Take the lines from the one containing "Shoulder front raises." through the end of the material and write them out exactly, omitting pictures.

################

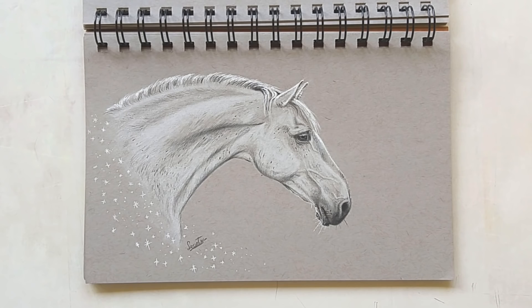And another horse study of a beautiful horse named Q. He is owned by Nalanta, which is a liberty horse group from the Netherlands that I've been following for such a long time.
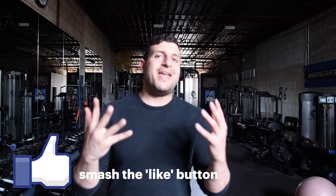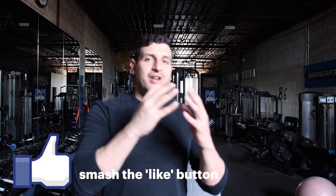Shoulder front raises. This is a unique exercise in the sense that it's often done incorrectly. The biggest reason why people do exercises incorrectly is because they confuse the name of the exercise with how the exercise should be done. While it may sound logical that the name is a big indicator of the execution, it's not often the case — especially with something like a side lateral raise, where we don't want to go directly to the side.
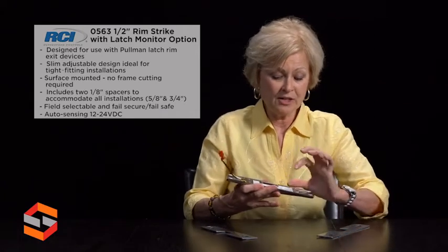Another great feature is the fail safe/fail secure dip switch on the back of the strike, to be adjusted in the field if needed.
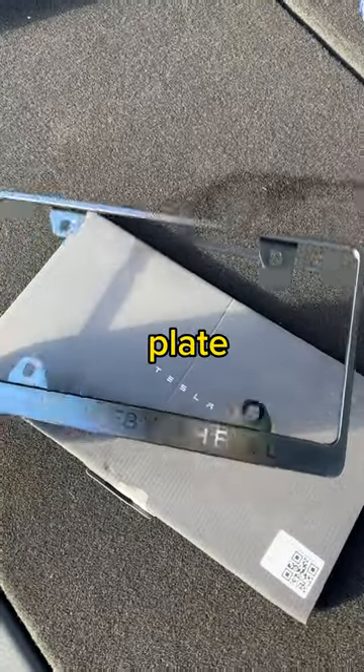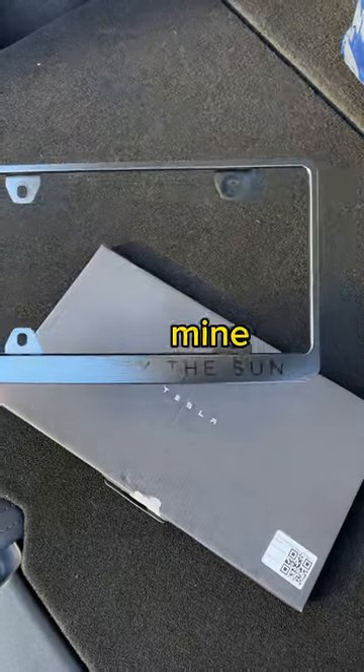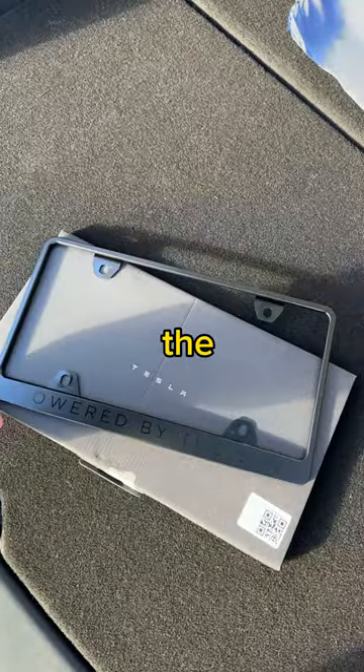First, grab a license plate frame. You can find a ton on Amazon, but I purchased mine directly from Tesla to match the black trim.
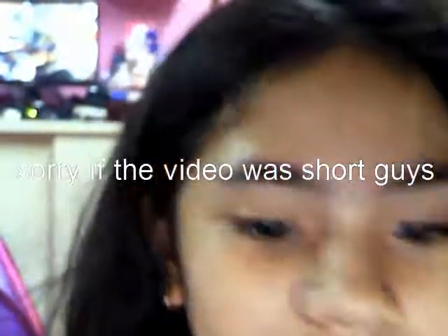Sorry if the video was short, guys. Sorry. Also, subscribe and like, guys. Bye.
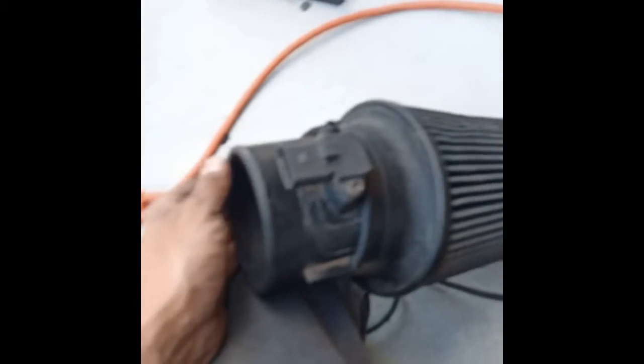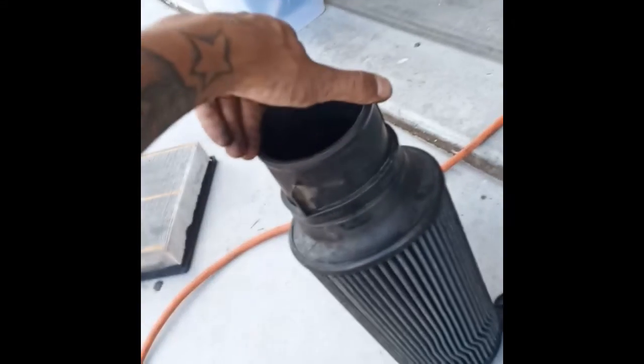Now the best bet was to remove this piece and then squeeze it on. So now I'm going to bolt it in and show you what it looks like. Here it is banded.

################

→ ANSWER TO THIS EXERCISE:
Shoulder front raises. This is a unique exercise in the sense that it's often done incorrectly. The biggest reason why people do exercises incorrectly is because they confuse the name of the exercise with how the exercise should be done. While it may sound logical that the name is a big indicator of the execution, it's not often the case — especially with something like a side lateral raise, where we don't want to go directly to the side.
Another great feature is the fail safe/fail secure dip switch on the back of the strike, to be adjusted in the field if needed.
First, grab a license plate frame. You can find a ton on Amazon, but I purchased mine directly from Tesla to match the black trim.
Sorry if the video was short, guys. Sorry. Also, subscribe and like, guys. Bye.
Now the best bet was to remove this piece and then squeeze it on. So now I'm going to bolt it in and show you what it looks like. Here it is banded.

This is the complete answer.